But not everyone was convinced this theatrical exercise would reshape Israeli cuisine.
A skeptical Haaretz columnist warned, "It's hard to believe that these two dishes will represent the Israeli palate, which is still far from homogeneous. It's even harder to imagine them replacing gefilte fish, kreplach, shashlik, kebab, hummus, tahini, cholent, or tzimmes."
Breaking Gender Barriers and Expanding Winners
In 1969, Yaakov Lishansky broke barriers by becoming the first man ever crowned Israel’s “Queen of the Kitchen” - an achievement that earned him the tongue-in-cheek title of “King of the Kitchen.” His victory marked a turning point, shifting cooking in Israel from the realm of homemaking into the realm of culinary art. According to food writer Joan Nathan, Lishansky had tasted an avocado for the first time, more than a decade earlier, on a trip to London in 1956. That encounter sparked an obsession: sometime later he compiled 50 inventive avocado recipes for a pamphlet published by the Ministry of Agriculture, among them a daring avocado halvah with tahina and honey. He would go on to capture his passion for local produce in two full cookbooks: one devoted to eggplants and another to pickling vegetables.
The mid-1960s also saw Dalia Cohen, a home economics and nutrition teacher, win the Queen of the Kitchen competition after advancing from the northern regional round. Years later, she opened Misadat Dalia in Amirim - one of Israel’s first vegetarian restaurants, rooted in the same values of health, seasonality, and simplicity that had earned her the crown.
From Israel to the Diaspora

The “Queen of the Jewish Kitchen” competition officially went international in 1970, when a British housewife named Cynthia Davis took the crown in London with her inventive moussaka-style noodle casserole. A panel of prestigious judges—including Evelyn Rose of the Jewish Chronicle, food editor Margaret Costa of the Sunday Times, and Nathan Goldenberg, the influential food department manager at Marks & Spencer - unanimously selected Davis’s dish over other contenders. His presence lent commercial clout and underscored the competition’s dual aim: to celebrate Jewish home cooking while boosting the visibility and sales of Israeli food products in the UK. Davis’s winning dish layered sautéed eggplant, seasoned tomato and green pepper, spiced shredded chicken with garlic and onion, and a vibrant turmeric-tinted noodle topping bound with beaten egg and a touch of chicken bouillon.
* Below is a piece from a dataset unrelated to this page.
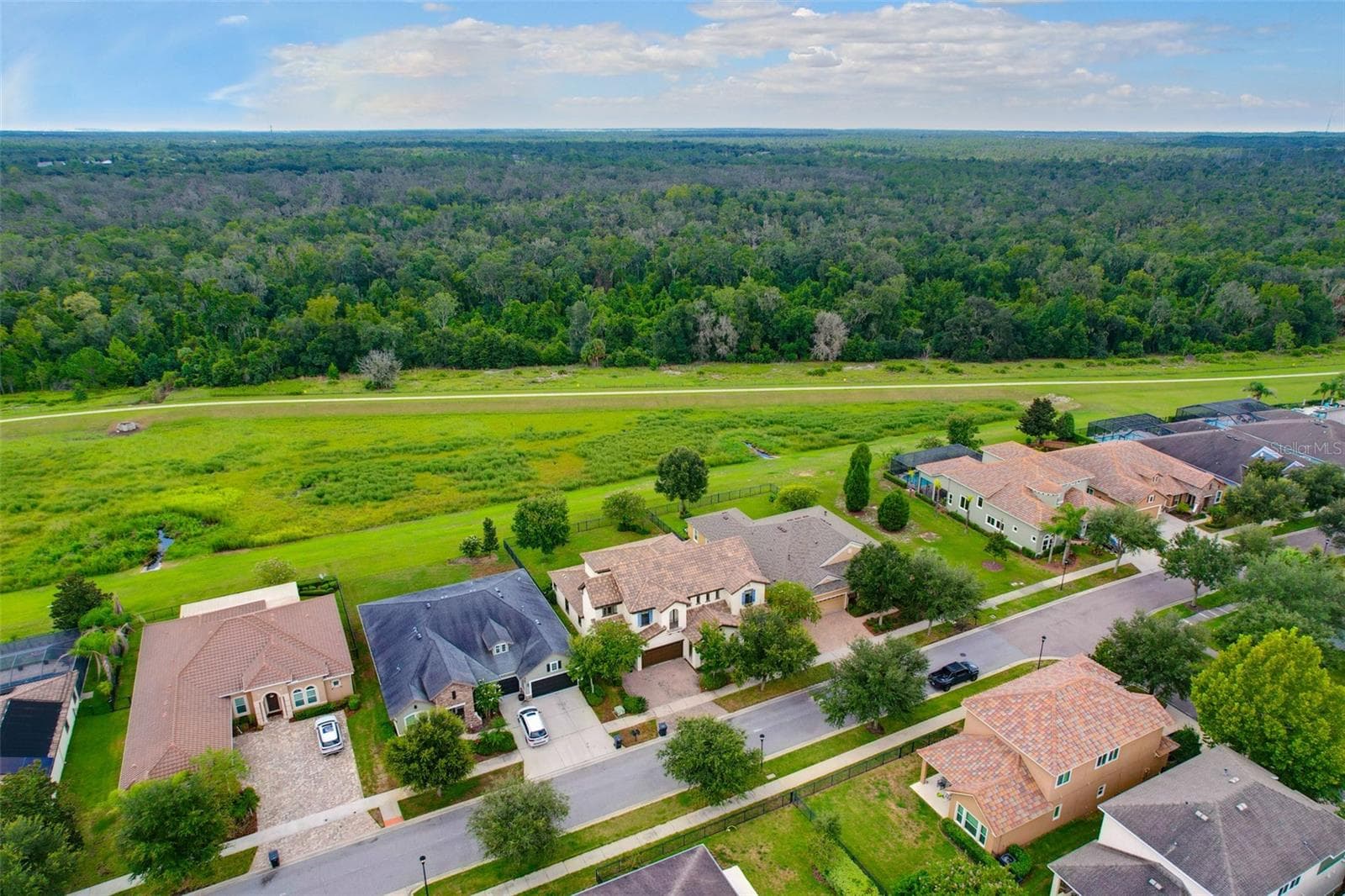 Single Family Residence at 5830 WATERCOLOR DR, LITHIA, photo 39 of 45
The entire dish was baked until golden and served with a quick tomato gravy enhanced with onion, margarine, and soup powder. The prize? A free trip to Israel. The contest itself was modeled on Israel’s “Queen of the Kitchen” series and aimed to promote the use of Israeli ingredients in British Jewish homes.
The 1972 Spectacle and Sophisticated Fusion
By 1972, the competition had evolved dramatically. That year's winner was Yael Latzur, a 28-year-old certified nurse from Kiryat Haim.
Yael Latzur's Winning Recipe: Turkey with Apples 1 kg turkey (40cm long, 10cm thick piece), 4 medium sour apples, 100g dried black plums, onions, carrots, soy sauce, 5 cups natural orange juice, almonds, Middle Eastern spices (curry, cumin, garlic seasoning, paprika)
This complex recipe demonstrated how sophisticated the fusion cooking had become - Japanese soy sauce meeting Middle Eastern spices in a dish that somehow felt distinctly Israeli.
But the real story was how the Israeli media now covered these events. HaOlam Hazeh, known for its irreverent journalism, published a brilliantly satirical piece that treated the entire ceremony like a recipe. The "preparation method" involved cutting Tourism Minister Moshe Kol "in half," arranging judges like ingredients around a table, and "dipping Kol in eloquent sayings." The piece described audience members with "lustful tongues" reaching for leftovers and the formulaic nature of crowning ceremonies.
The magazine's mock recipe for "cooking a Kitchen Queen" revealed how performative these events had become: "Remove the pot lid from above the judges, give them half an hour of evaporation in the recovery room, return them to their places accompanied by the excitement of the packed Hilton events hall, add applause every few minutes."
This satirical coverage marked a cultural turning point. By 1972, Israeli society had grown sophisticated enough to laugh at its own nation-building rituals—perhaps the surest sign that the nation-building project had succeeded. When you can satirize your own cultural engineering, you've probably made it as a country.
The Institutional Legacy

Multiple official cookbooks were published in the "Mataamei Israel" series for 1963, 1965, and 1967, compiled by editor Bella Almog. These volumes preserved not just recipes but also the stories of their creators, serving as cultural documents of a nation in formation.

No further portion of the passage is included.